The book from the 1870s was titled “Forget Me Not.” It was filled with pages and pages of poems and signatures, many in ornate script, some faded by time, and others hard to decipher without a magnifying glass. The former owner was a graduate of Lombard College in Galesburg, Illinois. I kept turning the pages until the name “David Starr Jordan” caught my eye.
I recognized his name from one of the best classes I took in grad school – Jeff Aper’s “History of Higher Education.” David Starr Jordan was one of the boy wonders of his time. The Stanfords, Senator Leland and his wife Jane, took their private train car to Bloomington, Indiana, to woo Jordan away from the Indiana University presidency and crown him president of the university they created as a memorial to their son, Leland Junior.

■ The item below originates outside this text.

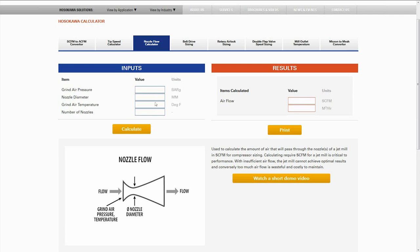In this example, we're going to use a grind air pressure of 6 bar, a nozzle diameter of 1.7 millimeters, and an inlet air temperature of 70 degrees. We are only using one nozzle in this case, so we're going to leave this as one.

Could the same David Starr Jordan have penned this little ditty to a student at Lombard College in Galesburg, Illinois?
I’m no great hand at palaver,
And saying things pretty and sweet.
Whether I mean them or not you know,
To everybody I meet.
I shall not call you an “angel.”
Nor even the “Queen of Girls:”
Nor say that the Light of Heaven
Is shimmering through your curls.
But if I say, “I like you.”
The simple truth I tell
And truth is ever a Pearl, my dear,
Though it be in an Oyster shell.
David Starr Jordan
Lombard, June 13th, ’73.
Born in upstate New York in 1851, Jordan was among the first students at Cornell University. There, he became a member of Delta Upsilon Fraternity. In 1872, Jordan graduated from Cornell with a Bachelor’s degree and a Master’s degree in botany; he was also a commencement speaker that year.
After graduation, he took a teaching job at Lombard College and spent the 1872-73 academic year there. He apparently caught flack from the trustees for teaching students about the geological ages and he left the school after only one year.
He spent the next few summers at Louis Agassiz’s school. Agassiz, a naturalist, geologist and one of the foremost scientists of his time, fostered Jordan’s interest in ichthyology (the study of fish). Agassiz also opposed Charles Darwin’s theories, but Jordan became a believer in them. Jordan spent a year at Wisconsin’s Appleton Collegiate Institute serving as principal and worked another year teaching high school science in Indianapolis, Indiana. He then spent a year studying medicine and earned a medical degree in 1875. At the 1875 Delta Upsilon convention at Rutgers University, he was elected Poet of the fraternity.
He joined the faculty at Northwestern Christian University (now Butler University) and obtained a Ph.D. In 1879, he was hired at Indiana University.
In 1885, Jordan became the seventh President of Indiana University: he served until 1891. In those days, college presidents were jacks of all trades – fundraisers, administrators, keepers of the key to the library – and yet Jordan was able to keep up with his research interests. More than 2,500 species of fish were discovered by Jordan and his students. He also left his mark on Indiana University, doubling enrollment and instituting the elective system of college courses.
Senator Leland Stanford and his wife Jane chose him to be the first president of Stanford University. He served in that capacity from 1891-1916. On December 28, 1905, he was a speaker at the Denver Delta Upsilon Alumni Club meeting at the “magnificent new” Savoy Hotel. As he left, after his talk, to make his way to another engagement, the attendees sang, “He’s a jolly good fellow.”
In 1925, Jordan was an expert witness in the Scopes Trial. He died in 1931.
And, for what it is worth, there is no doubt in my mind that Delta Upsilon’s Poet penned the poem for a student’s memory book while he was on the faculty at Lombard College.